La Fédération de Russie s’oppose de nouveau au renouvellement du mandat du Mécanisme d’enquête sur l’utilisation d’armes chimiques en Syrie
Affichant une fois de plus ses divisions sur le dossier syrien, le Conseil de sécurité n’a pas été en mesure, cet après-midi, d’adopter un projet de résolution, qui aurait renouvelé, pour une période de 30 jours, le mandat du Mécanisme d’enquête conjoint de l’Organisation pour l’interdiction des armes chimiques et de l’Organisation des Nations Unies (OIAC-ONU), arrivant à expiration ce soir.
Le texte, qui a recueilli 12 voix pour, n’a pu être adopté en raison du vote négatif de la Fédération de Russie. La Bolivie a également voté contre, tandis que la Chine s’est abstenue. La veille, le Conseil avait rejeté deux projets de résolution concurrents, l’un en raison du vote négatif de la Fédération de Russie, l’autre projet n’ayant pas reçu les neuf voix nécessaires à son adoption.

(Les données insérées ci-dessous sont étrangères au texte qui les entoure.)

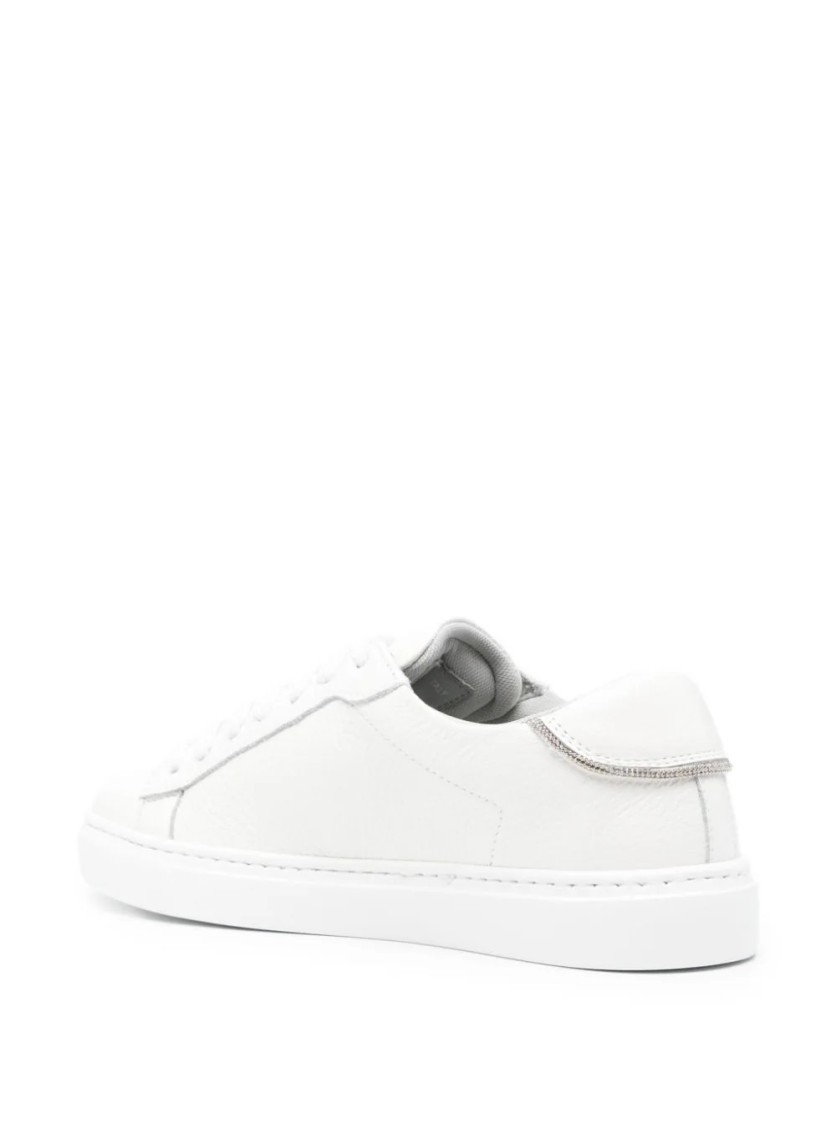 Fabiana Filippi Textured Leather Sneakers With Metallic Accents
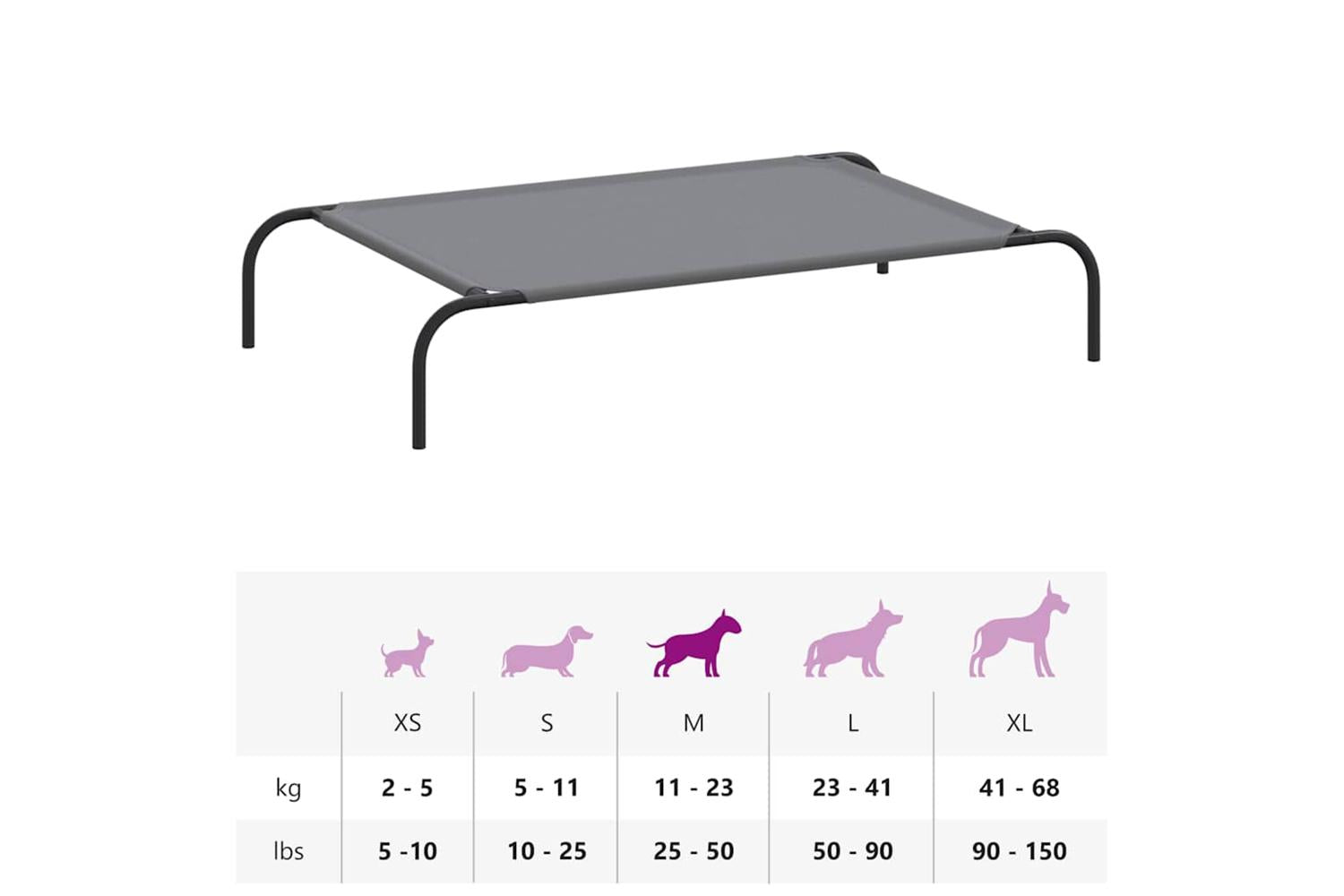 Elevated Dog Bed Grey 110x65x20 Cm Oxford Fabric And Steel-9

Le projet de résolution d’aujourd’hui, présenté par le Japon, demandait par ailleurs au Secrétaire général de soumettre au Conseil des propositions reflétant les vues de ses membres sur la structure du Mécanisme et la méthodologie employée.
Ce troisième veto russe en moins d’un mois sur le mandat du Mécanisme a provoqué la « détresse », la « stupéfaction » et « l’atterrement » des délégations ayant voté en faveur du texte. Ce veto, qui cherche à protéger la Syrie, entache la réputation de la Russie, a déclaré le délégué du Royaume-Uni.
C’est « honteux », a renchéri la déléguée des États-Unis. « Je présente les excuses les plus sincères au nom de ce Conseil aux victimes du régime syrien. » Le délégué de la Fédération de Russie leur a répondu qu’une prorogation du mandat du Mécanisme aurait été possible si ses lacunes systématiques avaient été comblées.
Il a regretté le rejet hier de l’un des deux textes, « en raison de trois vetos de membres permanents », qui pourtant « assainissait » le mandat du Mécanisme. Le délégué russe a invité à ne pas dramatiser la situation, ajoutant que le projet russe était toujours sur la table.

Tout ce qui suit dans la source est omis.